## Dataset records

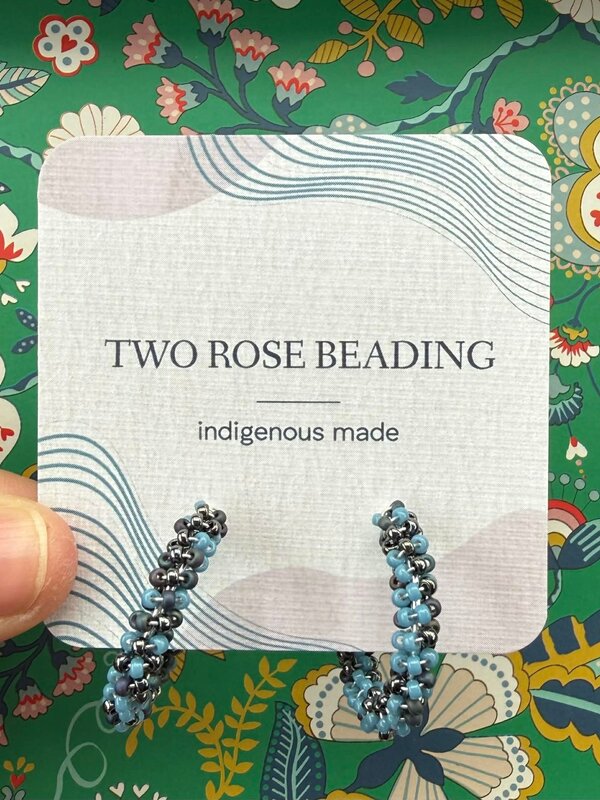 Med beaded hoop Earrings by Jenn Carman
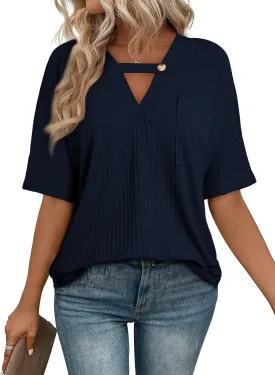 EVALESS Womens Summer Tops V Neck Short Sleeve Solid Loose Dressy Casual Basic T Shirts Tee Blouses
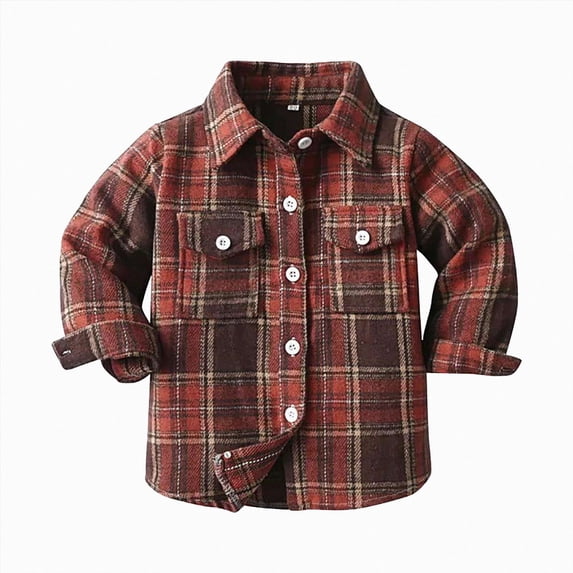 TOWED22 Boys Plaid Flannel Shirts Long Sleeve Casual Button Down Shirts Collared Fall Clothes,Brick Red,18-24 M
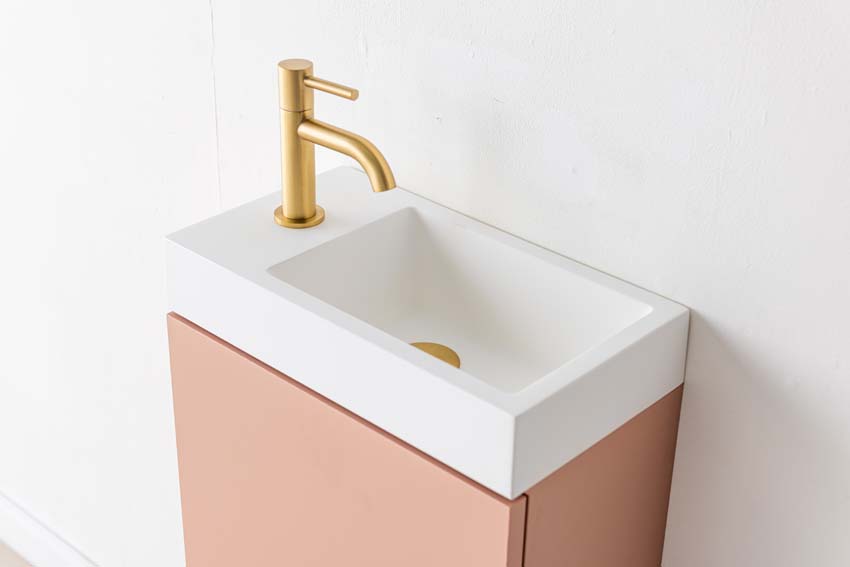 Toiletmeubel Dotan abrikoos wastafel mat wit 45x40x22cm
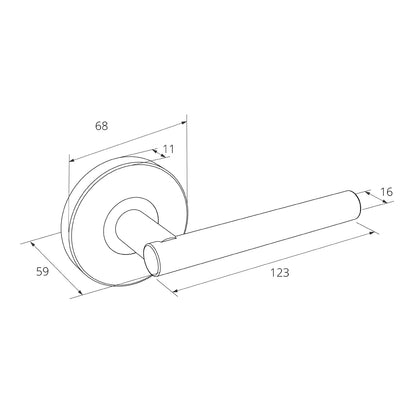 Zanda Baxter Door Lever Handle on Round Rose Passage Set - Available in Various Finishes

## Problem
Word for word and without pictures, restate only the lines running from the one that contains "EVALESS Womens Summer" through the last line of the listing above.

## Solved problem
 EVALESS Womens Summer Tops V Neck Short Sleeve Solid Loose Dressy Casual Basic T Shirts Tee Blouses
 TOWED22 Boys Plaid Flannel Shirts Long Sleeve Casual Button Down Shirts Collared Fall Clothes,Brick Red,18-24 M
 Toiletmeubel Dotan abrikoos wastafel mat wit 45x40x22cm
 Zanda Baxter Door Lever Handle on Round Rose Passage Set - Available in Various Finishes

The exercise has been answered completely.